Academic Freedom

Back in the day when I was teaching at the collegiate level we worried about academic freedom. In those days, it amounted to insisting that administrators allow faculty of differing opinions and philosophical convictions to speak their minds without recrimination. It also insisted on equal pay for equal work. It degenerated into unionization which, while it did raise salaries and save the careers of a number of faculty members, it also set a tone that I always felt was inimical to the ideals of collegiality that ought to be found on college campuses. But then I have been spitting into the wind so long my saliva is about used up.

Of late, however, the university faculties themselves are interfering with academic freedom. Increasingly, they are refusing to allow speakers to speak on campuses across the country, “controversial” figures like George W. Bush, Madeleine Albright, George Will, Paul Ryan, Condoleezza Rice, and Ayaan Hirsi Ali. Bear in mind that the universities that denied these people a voice on their campuses, because of student and faculty protests, are so-called “prestige” academies — places like Brandeis University, Stanford University, Boston College, Rutgers University, University of Minnesota, Yale University, and others of equal standing.

Students, often led by militant faculty with hidden agendas, are becoming increasingly strident in their opposition to ideas they regard as a threat to what they regard as social justice. In a word, they have their minds made up and cannot allow alien information to intrude on their convictions and deeply held beliefs. Increasing numbers of universities, in a word, are becoming closed systems that refuse to allow outside information to penetrate if it is determined by the vocal element on campus that those ideas are somehow harmful. There are exceptions, but they are increasingly rare.

Coupled with this intolerance in places that ought to be open to all ideas no matter how radical or outrageous, is the growing ignorance of the students and a great  number of the faculty. A recent study by the American Council of Trustees and Alumni determined that:

• Nearly 10% of recent college graduates think Judge Judy is a member of the Supreme Court.

• Less than 20% of those college graduates know the effect of the Emancipation Proclamation.

• More than a quarter of the college graduates did not know that Franklin D. Roosevelt was president during World War II.

• One-third did not know Franklin D. Roosevelt was the president who spearheaded the New Deal.

And so it goes. To augment their ignorance, many of those students, while enrolled, were involved in a variety of campus protests, including a group from Brown University that complained of the emotional stress and poor grades that followed from the months they spent protesting! They blamed the university for insisting that they complete coursework and demanded “incompletes” on their course work.
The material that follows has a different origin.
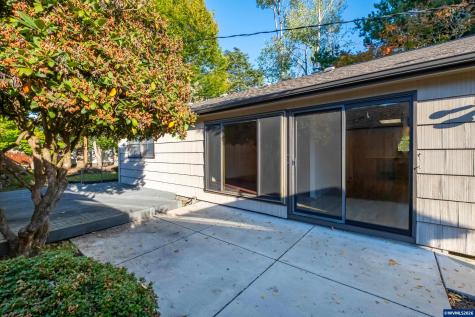2710 NW Mulkey Avenue Corvallis OR 97330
On many campuses protest seems to have become an end in itself as self-indulgent students increasingly complain about their course requirements and about the poor grades they receive as a result of their unwillingness to complete those requirements. And in many cases, intimidated or sympathetic faculty take the side of the students rather than take the lead in showing them the way out of their ignorance by opening them up to new intellectual horizons. For many who teach, followers are what it’s all about — especially those who give them praise in on-line evaluations that often determine how full or empty their classroom might be. The pressure to be popular, to give students a “break,” is immense and helps us to understand grade inflation. Pressure was immense when I taught and it has only increased as students’ sense of entitlement has grown by leaps and bounds in our permissive society.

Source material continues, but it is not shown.